The problem it solves: With simple modular hashing (hash(key) % N), adding or removing a server changes N, causing almost all keys to be remapped to different servers. In a cache, this means nearly every cached item is suddenly on the wrong server -- a massive cache miss storm.

How consistent hashing works:

Arrange a hash space as a circular ring (0 to 2^32-1).
Hash each server's identifier to a point on the ring.
Hash each key to a point on the ring.
Each key is assigned to the first server found clockwise from the key's position.

When a server is removed: Only the keys assigned to that server are redistributed -- they move to the next server clockwise. All other keys stay on their current servers.

When a server is added: It takes over some keys from the next server clockwise. All other keys are unaffected.

Virtual nodes: In practice, servers are mapped to multiple points on the ring (virtual nodes). This ensures more even distribution. Without virtual nodes, servers may get unequal key ranges. With 100-200 virtual nodes per server, distribution becomes nearly uniform.

Quantitative impact: With simple hashing and 10 servers, adding 1 server remaps ~90% of keys.

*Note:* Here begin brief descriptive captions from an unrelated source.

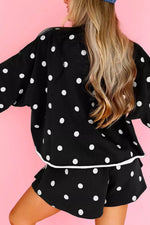 Polka Dot Raw Hem Relaxed Pullover Loose Skort Two Piece Set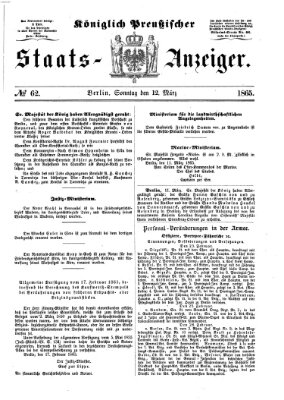 Königlich Preußischer Staats-Anzeiger (Allgemeine preußische Staats-Zeitung) Sonntag 12. März 1865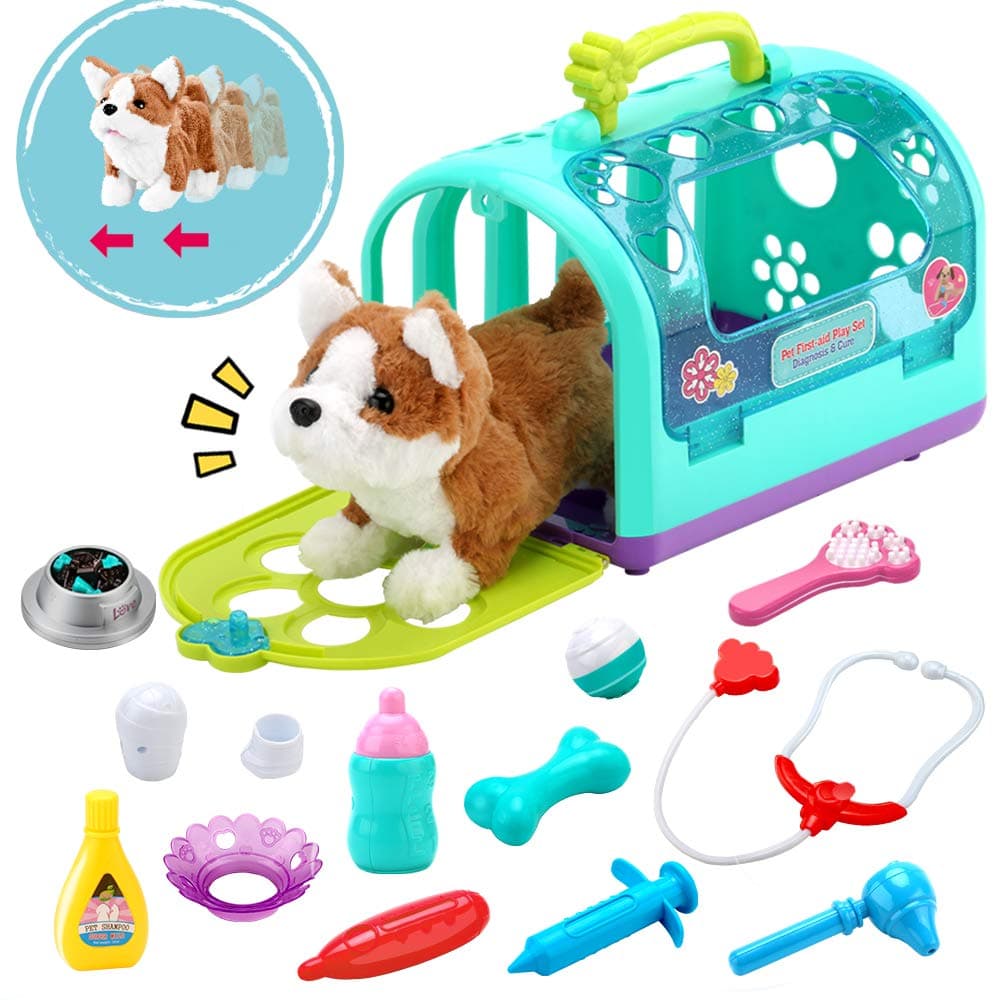 15PCS Electronic Vet Set for Kids,Walk and Bark Little Dog Pretend Play Doctor Playset Pet Care Role Play Early Educational Toys for Boys Grils Toddler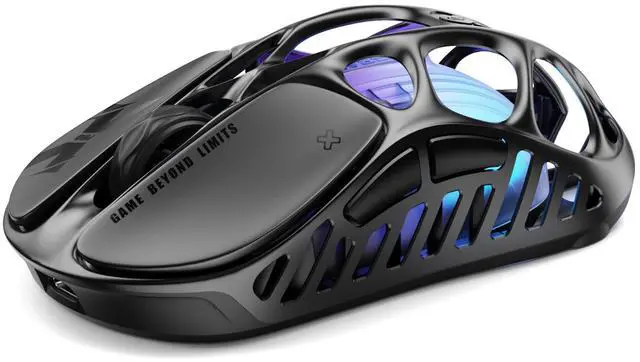 Alt view image 5 of 6 - GravaStar Mercury X Pro Wireless Gaming Mouse, Come with 8K Dongle , 32,000 DPI PAW 3950 Sensor, 8,000Hz Polling Rate, Magnesium Alloy Hollow Frame, RGB Lighting, 5 Programmable Buttons , Galaxy Black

With consistent hashing, adding 1 server remaps only ~10% of keys (roughly 1/N).

Where it is used:

Caching (Redis Cluster, Memcached): Determines which cache node stores each key.
Load balancing: Routes requests for the same user/session to the same server.
Distributed databases (Cassandra, DynamoDB): Determines which node owns each partition.
CDN: Routes content to specific edge servers.

Question 11: Design the infrastructure for a system that handles 100,000 requests per second with 99.99% uptime.

Model Answer

This is a comprehensive design question. I will walk through each infrastructure layer.

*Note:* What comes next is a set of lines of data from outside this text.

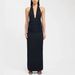 Summer Halter Neck Long Dress For Women Sexy Deep V Tie Back Slim Fit Solid Color Slit Style_ecoleips.com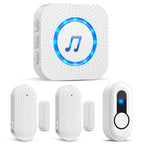Wireless Door Bell Chimes with 1 Plug (1 Receivers, 1 Button,2 Door Chime)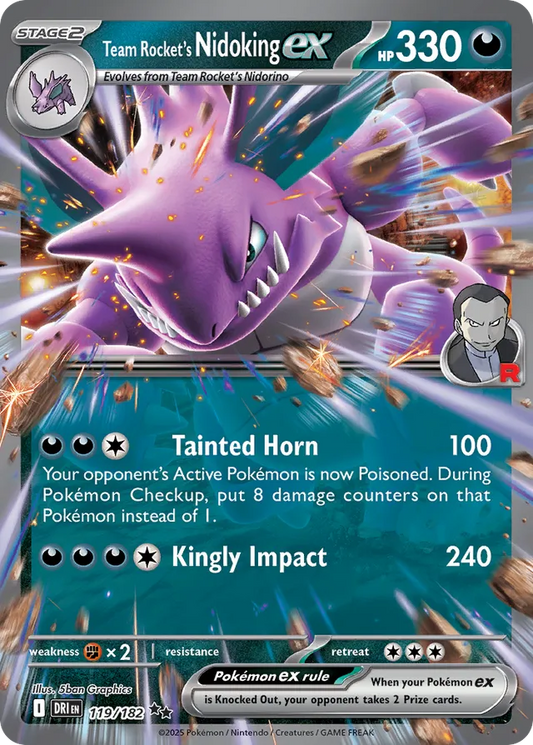 Team Rocket's Nidoking ex: Destined Rivals 119/182 - Pokemon Single Card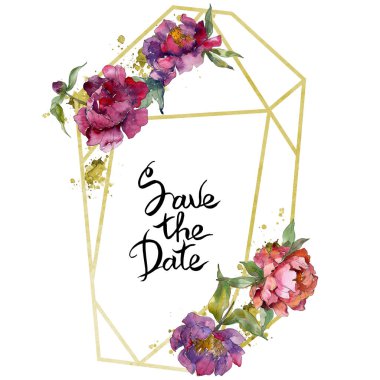 Mor izole üzerinde beyaz peonies suluboya arka plan illüstrasyon küme. Çerçeve kenarlığı süsleme.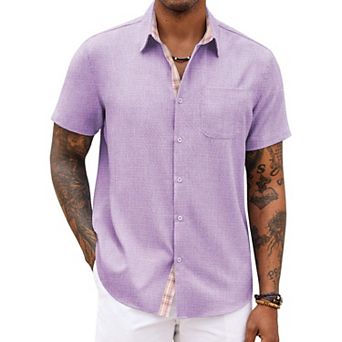 COOFANDY Men' Button Down Shirts Short Sleeve Casual Shirts Summer Beach Shirts Vacation Wedding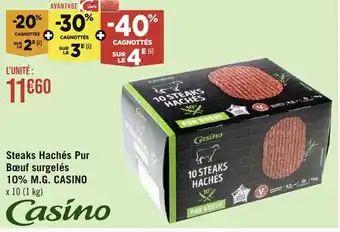 Géant Casino Steaks Hachés Pur Bœuf surgelés 10% M.G. CASINO offre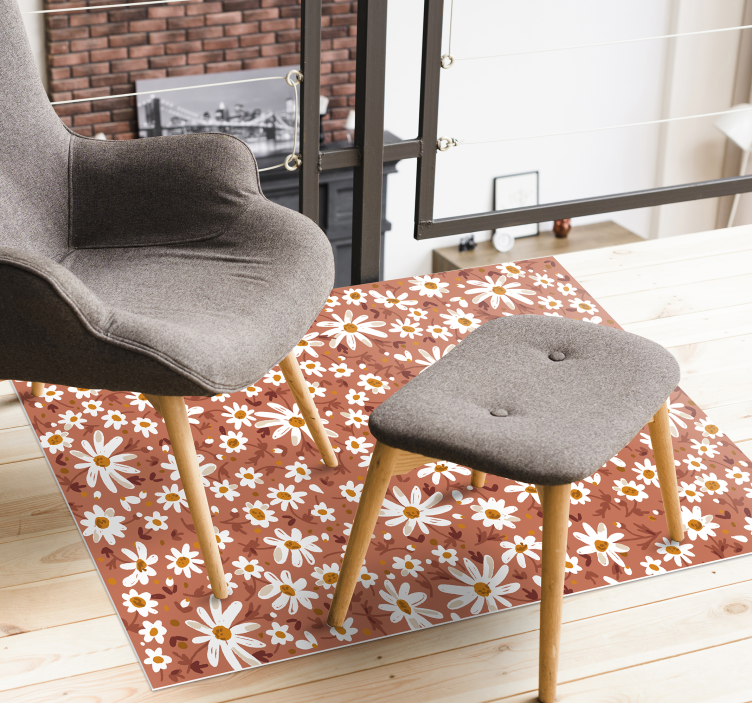 Alfombra vinílica vintage  flor de margarita  - TenVinilo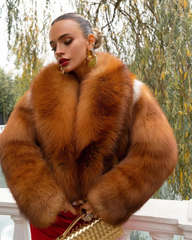 Simone Natural fox fur coat with collar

Traffic profile: 100K RPS requires multiple servers. At 1,000 RPS per server, we need ~100+ application servers, plus headroom.

Layer 1: DNS and Global Load Balancing

Use DNS with health checks (Route 53 or Cloudflare) to route users to the nearest healthy region.
Deploy across at least 2 regions (e.g., US-East and EU-West) for disaster recovery.
Use latency-based routing so users reach the closest region.

Layer 2: CDN

Place a CDN (CloudFront or Cloudflare) in front of all static assets and cacheable API responses.
This offloads 60-80% of traffic before it reaches our servers.
CDN also provides DDoS protection.

Layer 3: Load Balancing

Layer 4 NLB at the edge for TLS termination and raw TCP performance.
Layer 7 ALB behind it for content-based routing to different service pools.
Health checks every 10 seconds with 3 unhealthy threshold.
Across at least 3 availability zones.

Layer 4: API Gateway

Rate limiting per user and per IP to prevent abuse.
Authentication at the gateway so backend services are shielded.
Circuit breakers to prevent cascading failures.

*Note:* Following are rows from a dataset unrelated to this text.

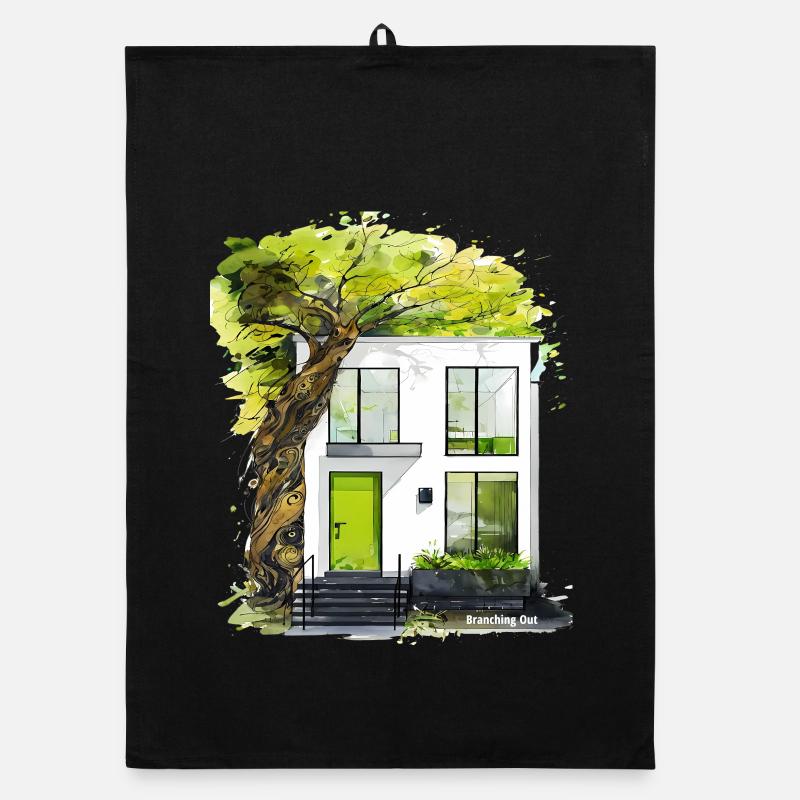 Branching Out - Modern Eco Architecture Sketch Organic dish towel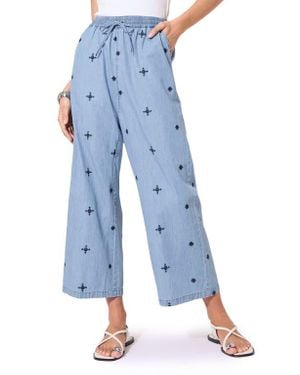 Friends Like These Embroidery Chambray Culottes - Blue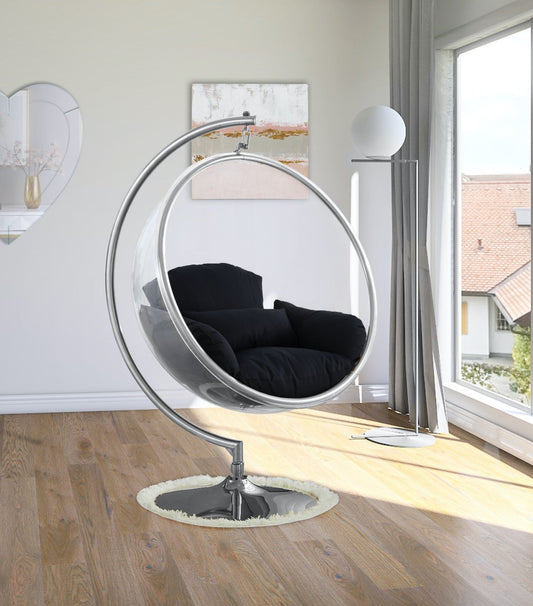 Luna Acrylic Swing Chair with Chrome Base – Modern Bubble Design for Ultimate Comfort & Style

Layer 5: Application Servers

Stateless servers behind the load balancer (sessions in Redis).
Auto-scaling based on CPU and request count.
Minimum 100 instances; scale up to 200+ during peaks.
Blue-green or canary deployments for zero-downtime updates.

Layer 6: Caching

Redis Cluster with 6+ nodes (3 primary, 3 replica).
Cache-aside pattern for database reads.
Cache the hottest 20% of data that serves 80% of reads.
TTLs of 60-300 seconds depending on data type.
Cache stampede prevention via locking.

Layer 7: Message Queues

Kafka for event streaming (order events, analytics).
SQS for async task processing (emails, notifications).
Dead letter queues configured for all queues.

Layer 8: Database

Primary-replica setup with read replicas.
Sharding if single primary cannot handle write load.
Automated failover (RDS Multi-AZ or equivalent).

Achieving 99.99% uptime (52 minutes of downtime per year):

Multi-AZ deployment (survive AZ failure).
Multi-region with failover (survive region failure).
No single points of failure at any layer.
Automated health checks and failover at every layer.
Canary deployments to catch bugs before full rollout.
Chaos engineering to test failure scenarios.
On-call team with runbooks for incident response.

Monitoring: Prometheus + Grafana for metrics. ELK or Datadog for logs. Jaeger for distributed tracing. PagerDuty for alerts.